The Corrupt Kingdom Of Lawyers
If you or I were to commit a crime that became known to law enforcement or other agents of the criminal justice system, one could reasonably expect that we would be prosecuted to the fullest extent of the law.
Although it may be unlikely to occur, should the average person happen to be so inclined, the fear of consequences is usually sufficient to dissuade most from engaging in criminal activity.
It was revealed this month that Congress has long maintained a taxpayer-funded slush fund to settle cases of sexual misconduct brought against its members.
Referencing two prominent Democratic politicians who’ve been swept up in the recent sexual misconduct revelation frenzy and now face numerous related allegations, National Public Radio’s Cokie Roberts revealed this week that the female press corps has been covering up sexual misconduct on Capitol Hill “for years.”
Inasmuch as most members of the Washington press corps are fire-breathing liberals and presumably support feminist causes, this is singularly appalling.
Ms.

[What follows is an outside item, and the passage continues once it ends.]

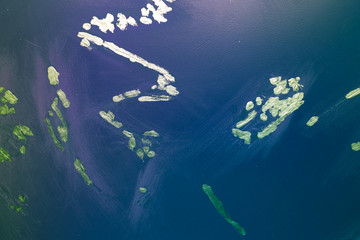 Blue abstract background for design with yellow dots. Painted scratch texture with place for text.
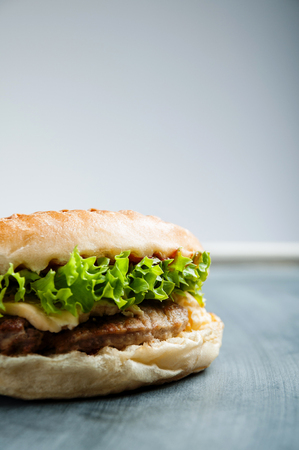 Delicious juicy burger with grilled meat, salad and chees on gray teable, vertical imageの写真素材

Roberts’ disclosure was also an explicit affirmation that those who comprise the Washington press corps are abject failures as journalists as well as manifestly corrupt.
Still, Americans are characteristically stunned when they learn such things as Congress having taken measures to protect its members from prosecution for insider trading, a crime for which we plebeians are typically ensconced under the penitentiary.
Sidney Powell, a federal appellate attorney and former federal prosecutor was featured on conservative commentator Sean Hannity’s radio show on Monday.
During the course of the interview to promote Powell’s new book on corruption in the Department of Justice, Powell made some startling revelations about the elitist and profoundly unethical modality in which many in the criminal justice system operate.
A chief focus of the interchange between Powell and Hannity was the recent enlistment of Andrew Weissmann by Robert Mueller, the special counsel conducting an investigation into Russian interference in the 2016 election and possible links to the Trump campaign.
Weissmann was the FBI’s general counsel while Mueller was FBI director and could accurately be called a rock star prosecutor.
Weissmann’s methods, however, have been cited as highly unethical by the New York Times (no less), and would be illegal if employed by anyone other than a prosecutor.
Defendants in several high-profile cases in which Weissmann obtained convictions were later exonerated upon appeal, and it can be proven that Weissmann was aware of their innocence all along.
Obviously, this is of great concern to anyone who is interested in an equitable disposition in the “Russian collusion” case, and any others in which Mueller’s probe is involved.
As Powell pointed out, criminal prosecutors are immune from legal repercussions in the event that a convicted defendant is later found to be innocent of the crime for which they were convicted.
The reason for this convention is to prevent an open season on prosecutors for misfeasance should they happen to make a mistake and the reluctance on the part of prosecutors to prosecute cases effectively for fear of such reprisals.
Unfortunately, as attrition has claimed more and more of our society’s moral underpinnings, we have seen increasing corruption in every sector, and this includes criminal prosecutors from the local to federal levels.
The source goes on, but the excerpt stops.